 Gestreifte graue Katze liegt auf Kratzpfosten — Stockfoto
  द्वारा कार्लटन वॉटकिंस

━━━━

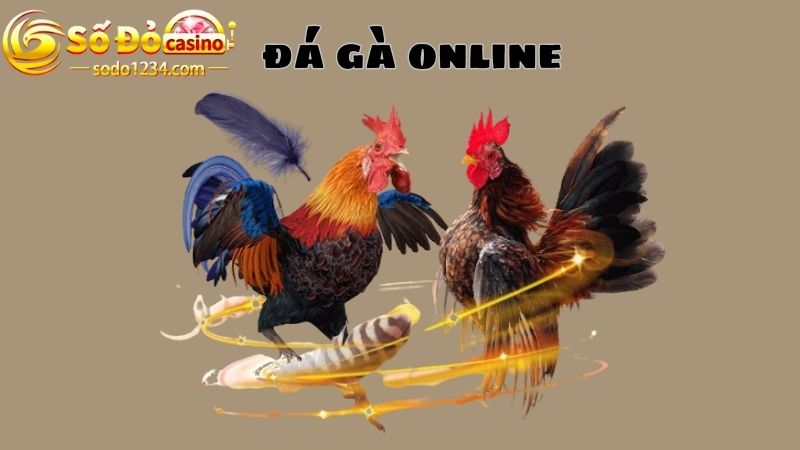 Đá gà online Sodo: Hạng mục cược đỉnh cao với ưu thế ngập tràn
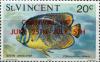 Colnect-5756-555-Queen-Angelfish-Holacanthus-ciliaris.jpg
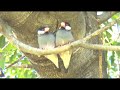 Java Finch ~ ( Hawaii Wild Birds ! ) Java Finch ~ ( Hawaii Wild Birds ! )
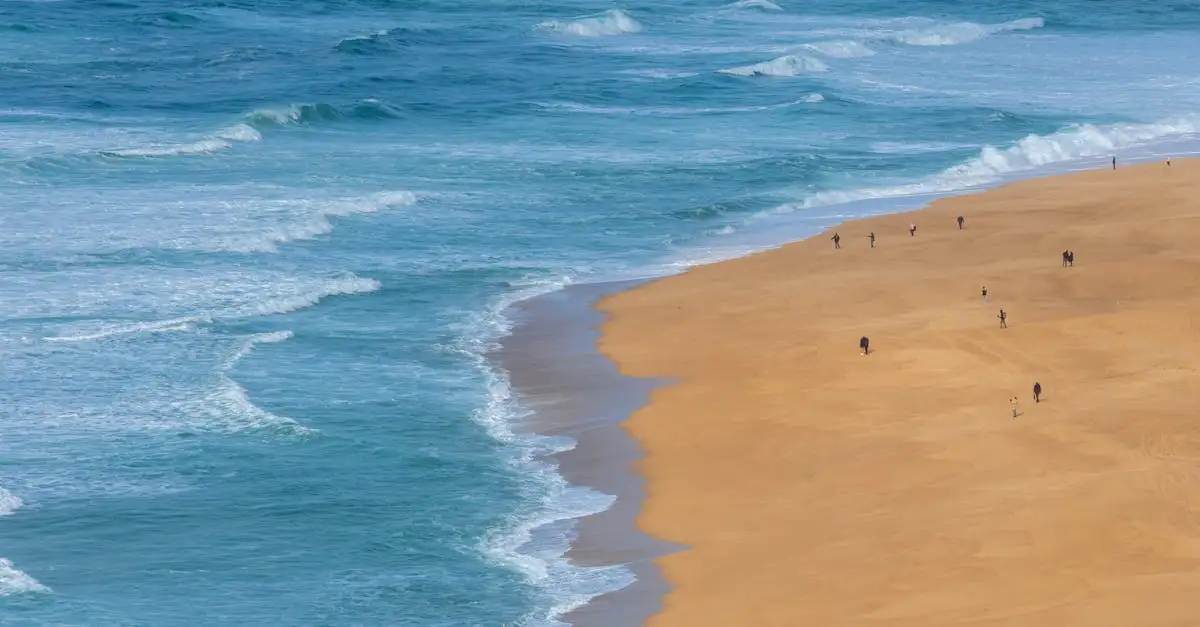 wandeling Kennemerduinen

━━━━

▶ Requirement
Output should consist of the lines above from the one with "Đá gà online" down to the one with "wandeling Kennemerduinen", exact and without pictures.

▶ Expected answer
 Đá gà online Sodo: Hạng mục cược đỉnh cao với ưu thế ngập tràn
 Colnect-5756-555-Queen-Angelfish-Holacanthus-ciliaris.jpg
 Java Finch ~ ( Hawaii Wild Birds ! ) Java Finch ~ ( Hawaii Wild Birds ! )
 wandeling Kennemerduinen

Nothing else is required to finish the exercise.